Text/Photos by Donna Malloy
Five-year-old Henry Benton selling lemonade to passersby to raise money for Winter's new home.
Everything Henry Benton learned, he learned before his first day of Kindergarten. The summer before Henry's first day of school his Grandpa Joe Marino, took Henry to the Clearwater Marine Aquarium. That's when Henry first laid eyes on Winter, the bottlenose dolphin who swims without a tail.
Henry, not satisfied that Winter did not have a tail, asked his Grandfather: "How can we make a tail for him?"
Shortly after his visit to Florida, Henry returned home to Bradford, Connecticut to prepare for his first day of kindergarten, but he couldn't stop thinking about Winter. The following Saturday, Henry woke up early and began squeezing the juice out of lemons for his lemonade stand. Sitting out in the hot sun, Henry worked all day selling lemonade to passersby in his neighborhood. The only time Henry left his station was to take a nap. But he thoughtfully left a sign to that effect; it said: "Closed for Nap." And Henry even made money while he was sleeping.

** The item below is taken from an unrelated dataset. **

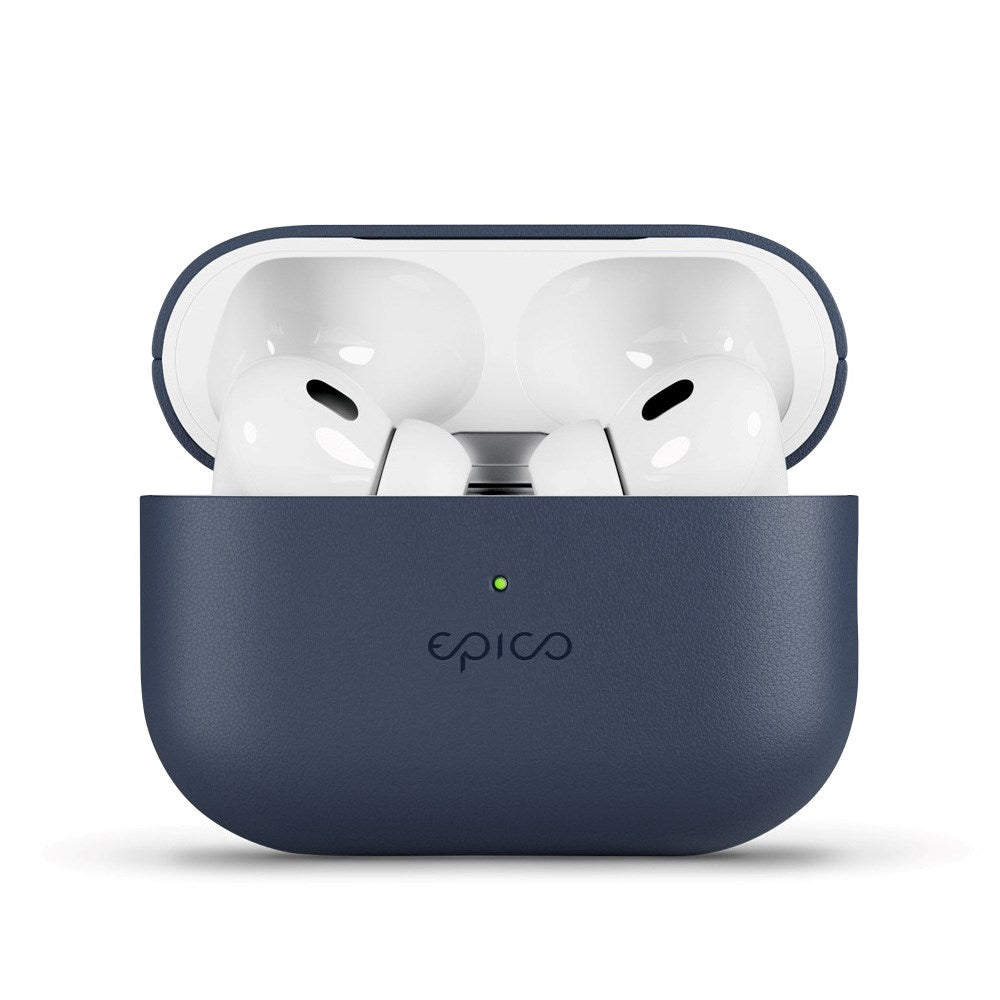 Epico AirPods Pro (2. Gen.) Cover - Ægte Læder - Blå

When customers would ask Henry how much his lemonade cost, Henry would say: "Whatever you want to give."
That first Saturday, Henry made $30. Grandpa Joe promised to match whatever Henry earned.
The next Saturday, Henry decided to sell dog treats at the local dog park. Henry set up his stand and as dog owners passed by, they'd ask Henry how much the dog treats were? Again, Henry would reply: "Whatever you want to give."

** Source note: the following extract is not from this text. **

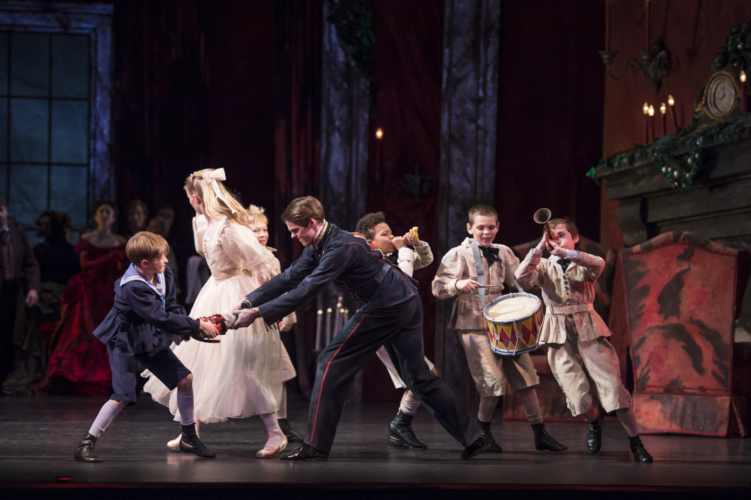 <p><em>The Nutcracker: </em>Lachlan Monaghan as Clara's Dancing Partner</p>. Credit: Bill Cooper.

But some people did not have any money on them, so Henry would tell them that it was O.K. to take a treat anyway. Most of the owners would go to their car and retrieve some money for Henry's cause. That Saturday day Henry earned $43.50.

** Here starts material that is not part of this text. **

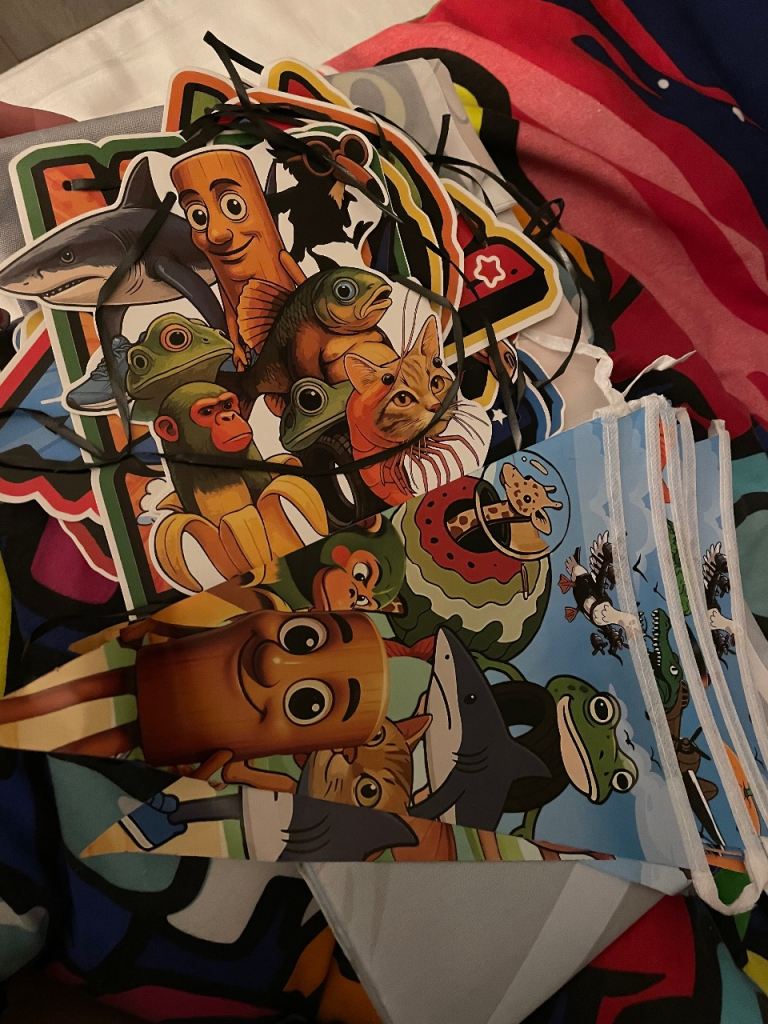 Italian brainrot birthday back drop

With Grandpa Joe matching his earnings, Henry now had a total of $147 which went toward the purchase of a paver stone in his name at the entry to the Aquarium and the balance to help fund Winter's new home.
Henry's fateful encounter with Winter turned out to be perfect timing. Clearwater Marine Aquarium has just begun work on a newly refurbished, 145,000-gallon dolphin pool which will become Winter's new home. Winter and Panama (her adopted mother) will live in the new pool, but it will also double as a new quarantine pool when stranded marine mammals are brought in. Both Winter and Panama will be viewable to the public through new underwater windows.
The project is expected to cost approximately $300,000. If you would like to donate money toward the project, please visit www.SeeWinter.com. The Aquarium will be open seven days a week during construction, including Friday and Saturday evenings, until 8 p.m.
Five-year-old Henry did his part to help Winter. When asked what he plans to do next, Henry replied: "I'll start another company."
Like I said, everything Henry Benton learned, he learned before his first day of Kindergarten. "Due to Clearwater Marine Aquarium's recent success, we are growing to enhance our animal care and provide guests with an even better experience," said CMA CEO David Yates. Now under construction, the new 145,000-gallon tank will be Winter and Panama's new home.